Fresh Flowers from Columbia
With a mission to finding that “sweet spot” for growing, a horticultural study in 1967 determined that the savanna near Colombia’s capital was an ideal place to grow flowers to sell in the United States. The savanna is a high plain fanning out from local foothills, and it’s simultaneously close to both the Pacific Ocean and the Caribbean Sea.
Those circumstances create a pleasant climate with little temperature variation and consistent light, about 12 hours per day year-round – ideal for a crop that must always be available to meet worldwide demand.
Bogota Flowers: It’s Not Just the Weather
In 1969, soon after that study was published, a Columbian-based company called Floramérica opened its doors and helped turn flower growing into a big business.

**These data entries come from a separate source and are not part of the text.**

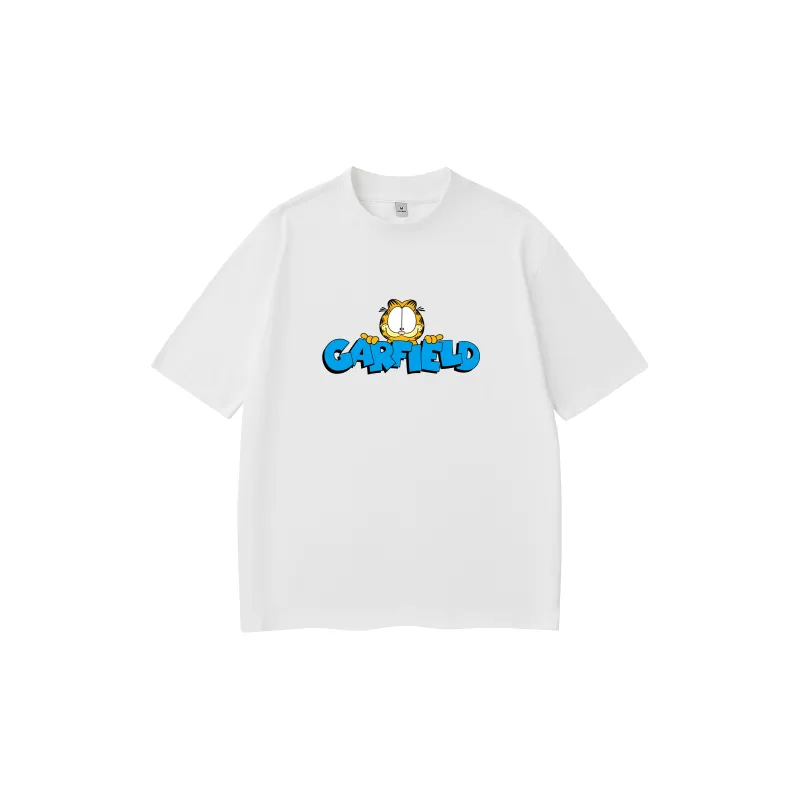 FOREVER 21 Garfield Joint Name T Shirts Unisex-1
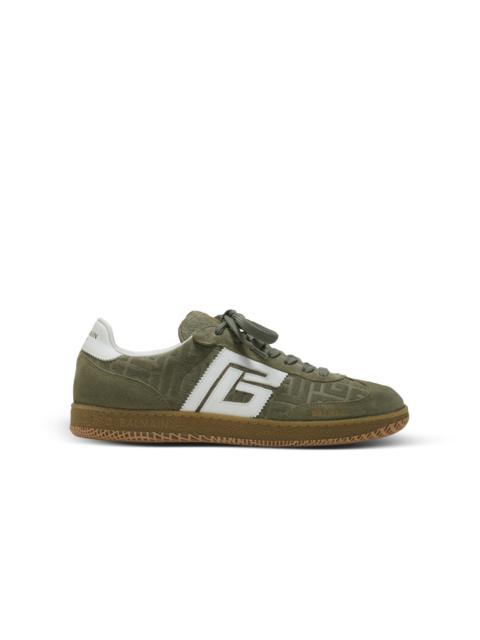 Balmain Suede Balmain Swan trainers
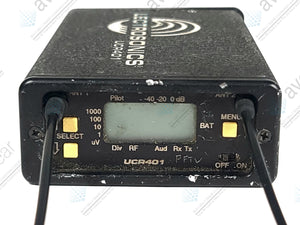 Lectrosonics UCR401 UHF Receiver Block 22 (563-588MHz)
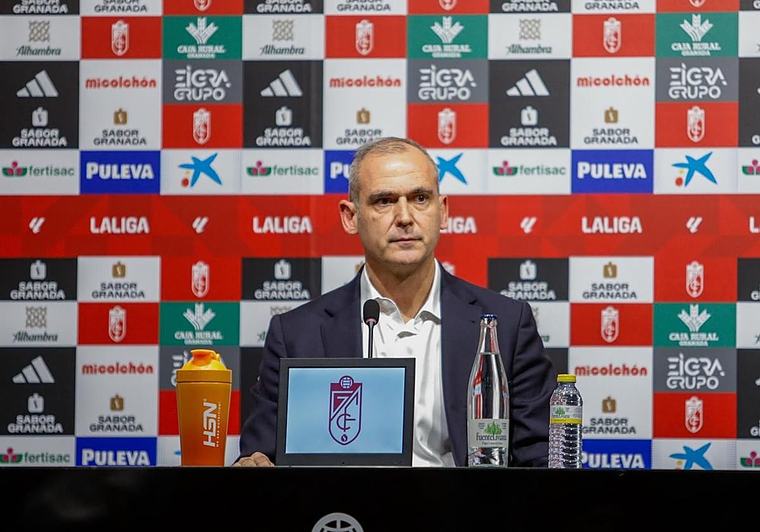 Beristain: «Queremos devolver la estabilidad al Granada CF»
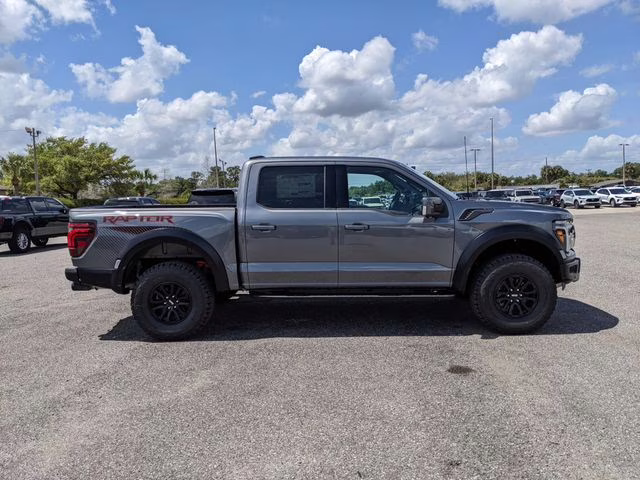 2026 Carbonized Gray Metallic Ford F-150 Raptor 4X4 Truck
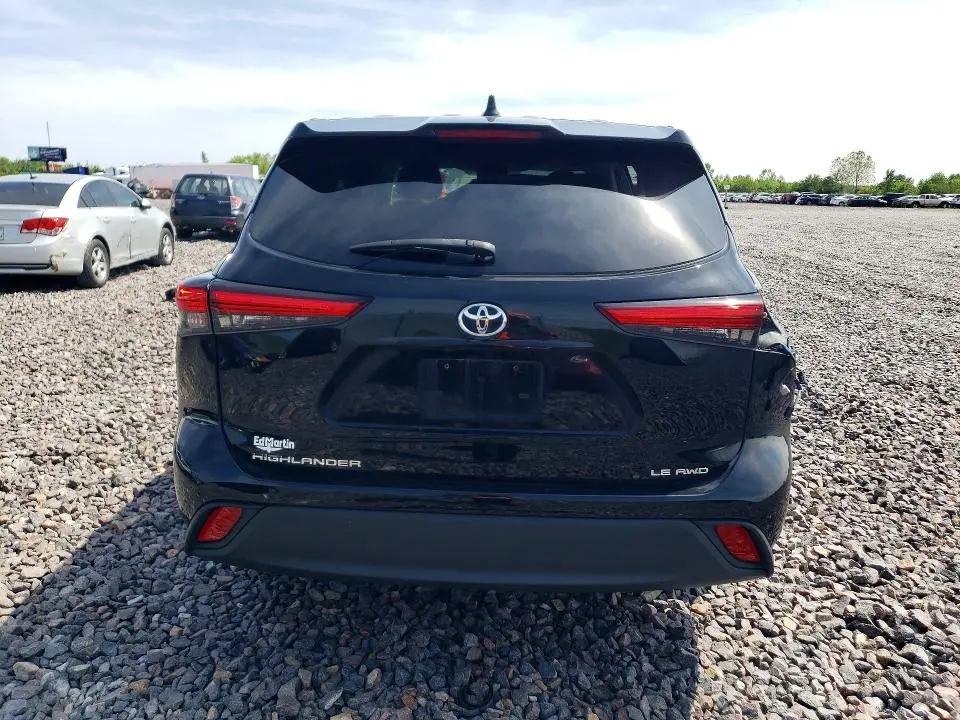 2021 TOYOTA HIGHLANDER LE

Within five years of Floramérica’s debut, at least 10 more flower-growing companies were operating on the savanna, exporting some $16 million in cut flowers to the U.S.
By 1991 the World Bank reported the industry was “a textbook story of how a market economy works.” Today, by most measures, the country is the world’s second-largest exporter of cut flowers, after the Netherlands, shipping more than $1 billion in blooms. Bogota flowers now command about 70 percent of the U.S. market; if you buy a bouquet in a supermarket, big-box store, or airport kiosk, it probably came from the Bogotá savanna.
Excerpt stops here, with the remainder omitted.